Short descriptive text snippets:

=-=-=-=-=

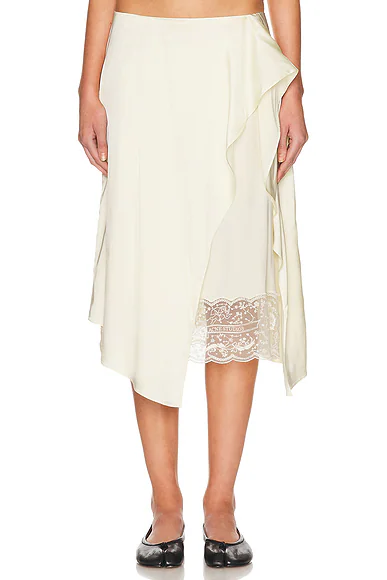 Inouka Skirt Cream White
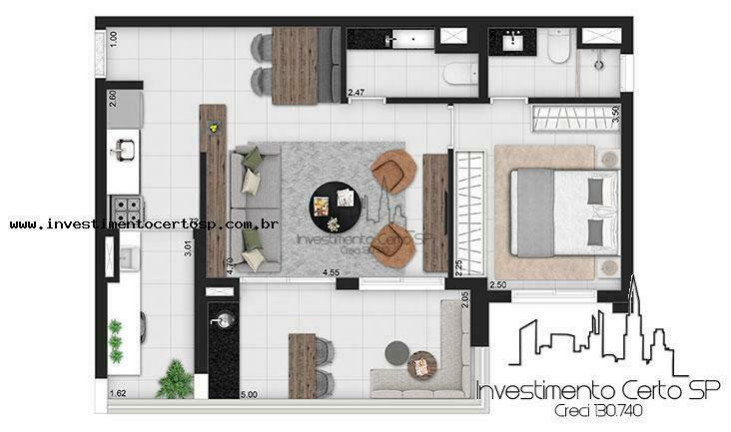 Imagem Apartamento com 2 Quartos à Venda, 68 m² em Sumaré - São Paulo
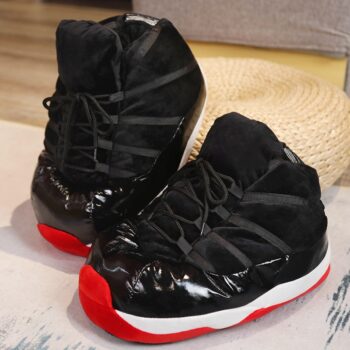 Chaussons sneakers noir pour garçon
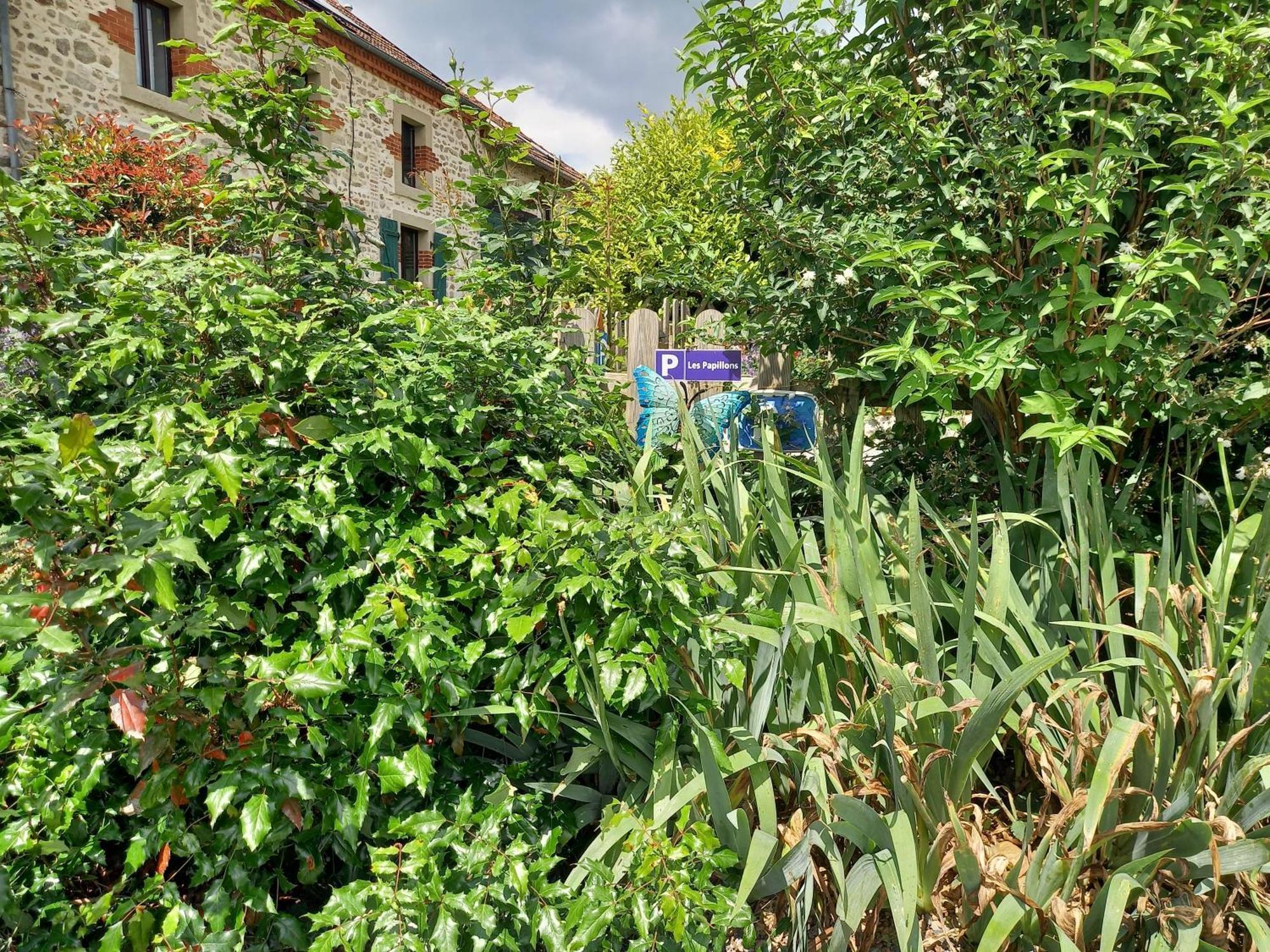 Villa Les Papillons Vrolle Exterior foto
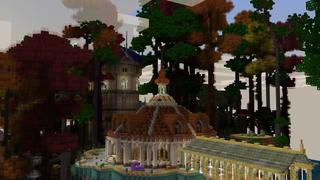 Screenshot of the Minecraft Bedrock Marketplace product Elf Citadel created by Pixelusion.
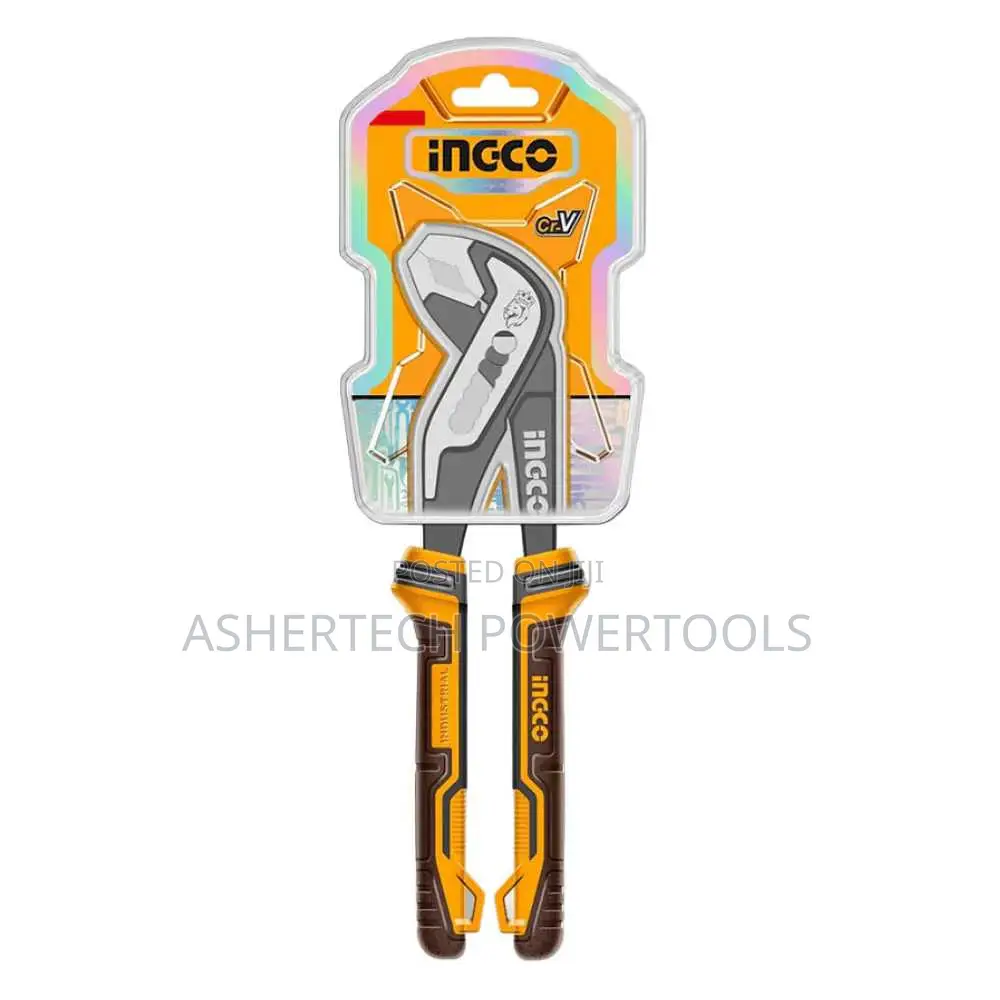 Ingco Hpp28208 Pump Pliers "Size:8""/200mm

=-=-=-=-=

EXERCISE DETAILS: If an entry contains a picture, leave it out and repeat the rest exactly.

WRITTEN SOLUTION:
 Inouka Skirt Cream White
 Imagem Apartamento com 2 Quartos à Venda, 68 m² em Sumaré - São Paulo
 Chaussons sneakers noir pour garçon
 Villa Les Papillons Vrolle Exterior foto
 Screenshot of the Minecraft Bedrock Marketplace product Elf Citadel created by Pixelusion.
 Ingco Hpp28208 Pump Pliers "Size:8""/200mm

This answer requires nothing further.